Jess had been running Oceans End Cabins since she was old enough to add the receipts and her father finally drank his last shot of whiskey.  Not long after he died, her mother left the village for the city life and never looked back.  At fourteen, she’d opted to stay and fifteen years later, she still wondered why.

It was all she knew, she supposed.  She knew she’d never get out, but she also knew she’d spend the next fifty years trying.  It was an agreement she had made with herself…to keep from going crazy from lack of hope.

Jess stared down at the dark haired boy who’d fallen asleep against her just as soon as she’d come in out of the snow.  He’d barely budged as she lay him across her bed and he had been snoring quietly for several hours now.  She’d slipped worn boots from damp feet and left him bundled in his coat and snow pants, one ripped knee exposed to the elements.  She knew almost nothing about children, but even she knew this boy had been through some things.  Sunken eyes and narrow jaw replaced what should have been a full, round face.  His little mouth gaped slightly as he breathed.  For a moment Jess felt a maternal tug where none had ever been.  But only for a moment.  And then she shook it off, went to the front door and hung a sign that read, “Get the Hell outta my business.”

The sun sank behind the snow tipped mountains just as the last of the gawkers finally left her land and a loud knock at the door startled the boy awake.  He sat up quickly, brown eyes looking around and only then did Jess notice he was probably part Alaska Native.  Wispy black hair fell across his forehead as he quietly took in the room.  Jess went to the door and opened it slightly.

“Can’t you see the sign,” she barked before she saw it was May, huddled against the blowing snow, parka pulled snug around her.

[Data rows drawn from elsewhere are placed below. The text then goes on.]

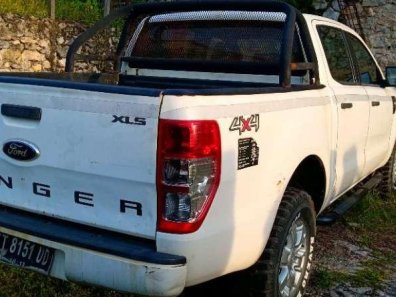 Jual Ford Ranger Double Cabin 2014-1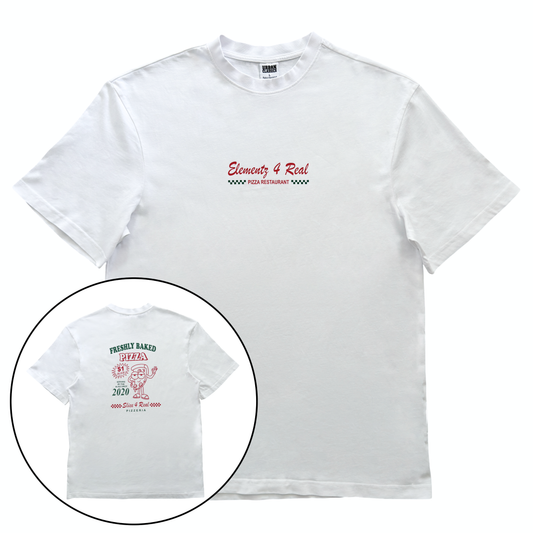 Slice 4 Real tee - Elementz 4 Real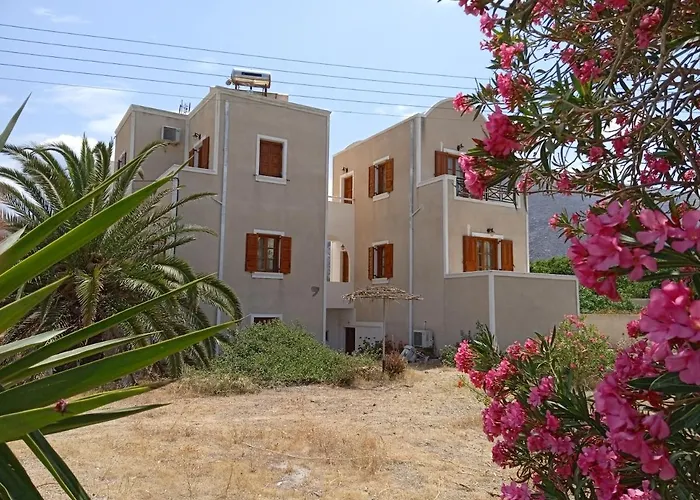 Apartamento Relax On Santorini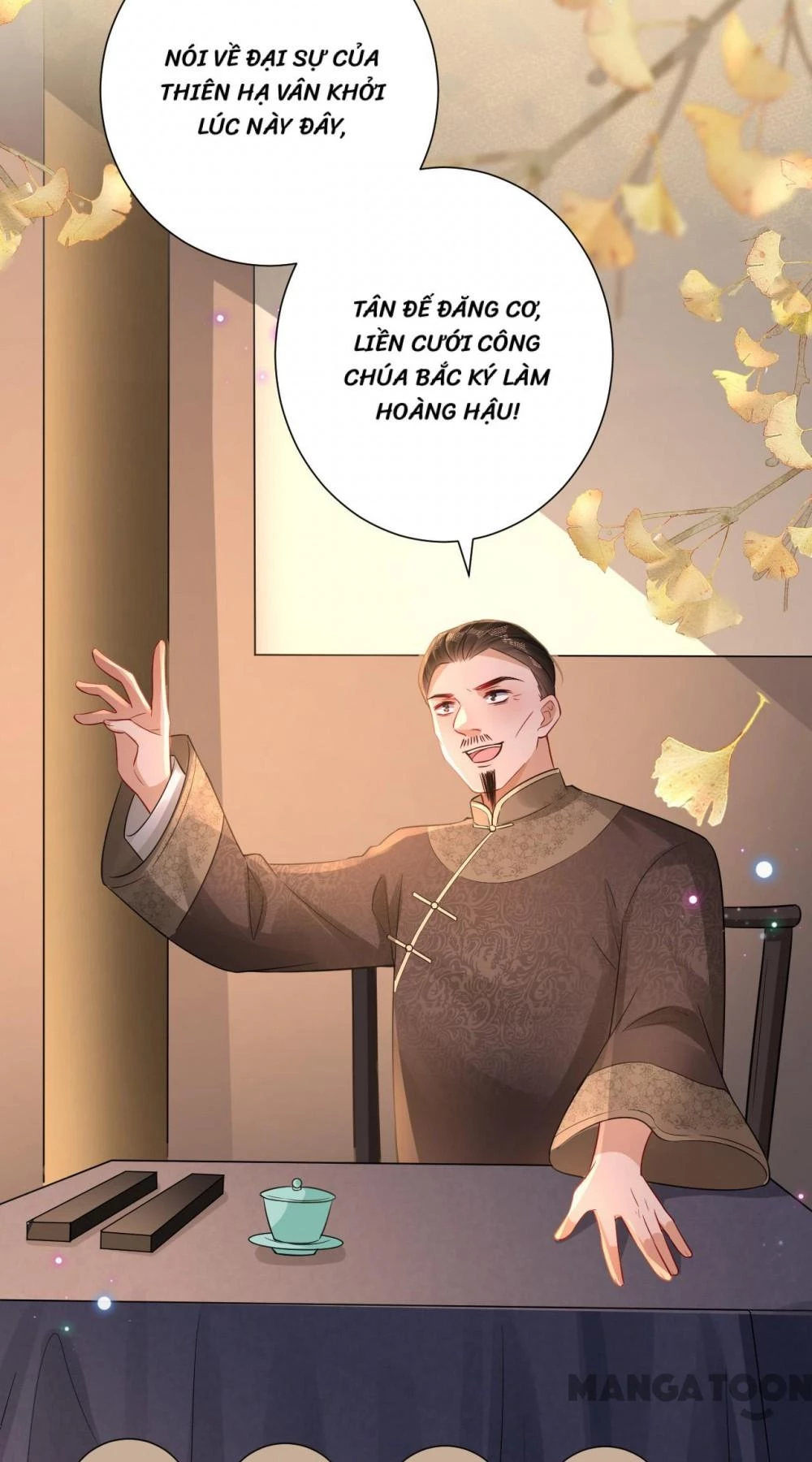 Quận Chúa Cẩn Thận, Đã Định Rồi Khó Đổi Lắm! Chapter 259 - 2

“Don’t read no sign, anyhow,” said the old woman who Jess always thought needed a good ironing.  The deep crevices of her face told a story of hard times and harsh weather that few, besides Jess, had ever heard.  A Yupik woman never complains, or so May had always said just after a long breath of woes, and she rarely tells her tale.  But Jess had heard them in the dark hours of the night, cuddled to May’s side in the months after her father left through the bottle and her mother, through a yearning that couldn’t be tamed in her small world.

May stepped quickly from the cold and Jess latched the door behind her.  No words were needed as Jess stood back and let May do her thing.  A foot shorter than most, May shuffled across the room, sat softly on the bed and began to undress the boy from his heavy clothes.  He relented quietly, watching Jess carefully, as if making sure this old woman was okay.  Jess nodded her approval without saying a word and the dark quiet of the one room cabin enfolded them as the old woman mumbled soothingly in her native tongue as she worked.  Once stripped of his winter gear, the boy appeared even younger and more frail than he had before. May pulled him to her and swaddled him inside her heavy fur parka, their heat blending.

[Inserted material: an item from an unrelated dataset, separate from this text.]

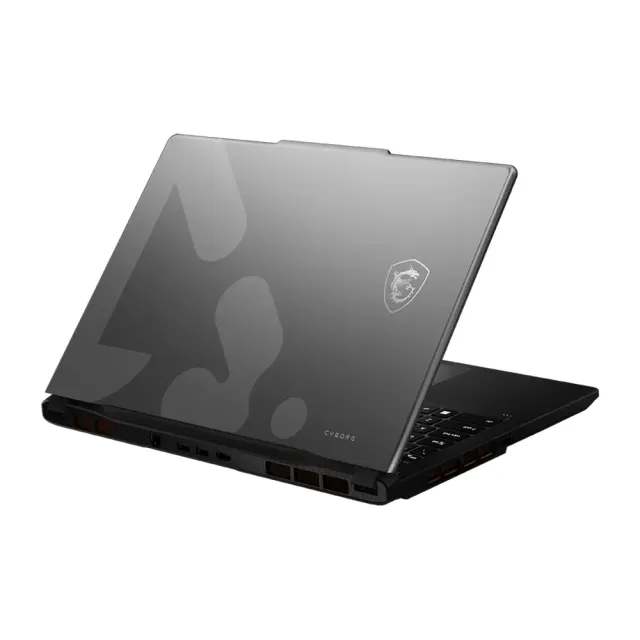 【MSI 微星】特仕版 15.6吋 RTX5070電競筆電(Cyborg 15 Max/Core 7-240H/16G+16G/512G SSD/W11/C2WG-006TW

“Boy needs a bond,” she said. “You know nothing.”

“Never claimed to,” Jess replied quietly, and sat nearby on the only chair.

“What you going to do?”

“I guess keep him through the weekend.  Kingston came by a while ago while he was still sleeping and said he’d gotten ahold of someone out of Anchorage who was going to come out Monday.”

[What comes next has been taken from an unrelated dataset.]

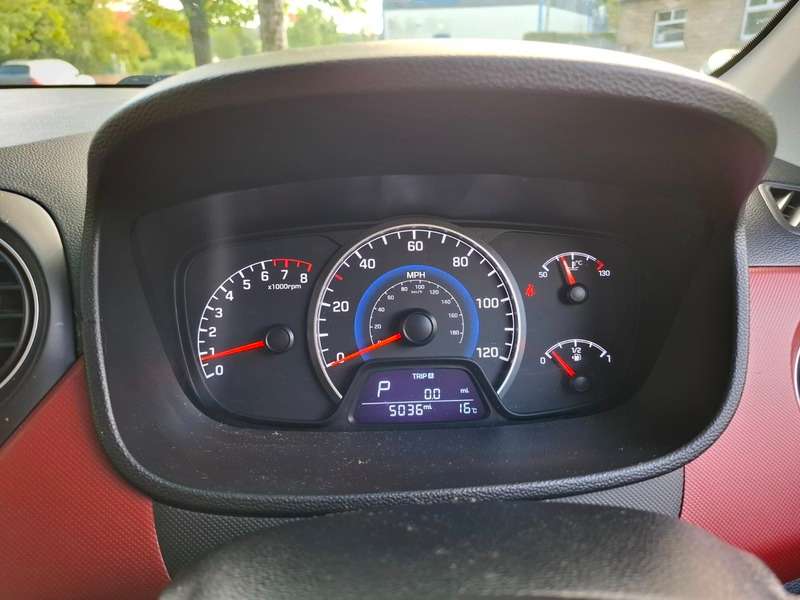 2017 HYUNDAI I10 2017 HYUNDAI I10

“Where he come from?” May asked as she rocked the child back and forth, nothing but his nose and eyes showing from inside her coat.

“Kingston said there was a boat by here early this morning.  Some said they heard the engine.  Nobody really knows any more than that.”

There was no reply, as conversations always ended abruptly with May, who never said more than was necessary.  And they sat in silence for the next hour, May rocking slightly back and forth.  The boy stared out at Jess, never taking his eyes from her.  Jess didn’t look at him, but she felt his stare.  She lay her head back against the worn chair in which her father had sat each night of her youth and closed her eyes.  The sun disappeared, the narrow windows darkened and the howl of wolves talking to each other across the water filled the thick silence surrounding the three.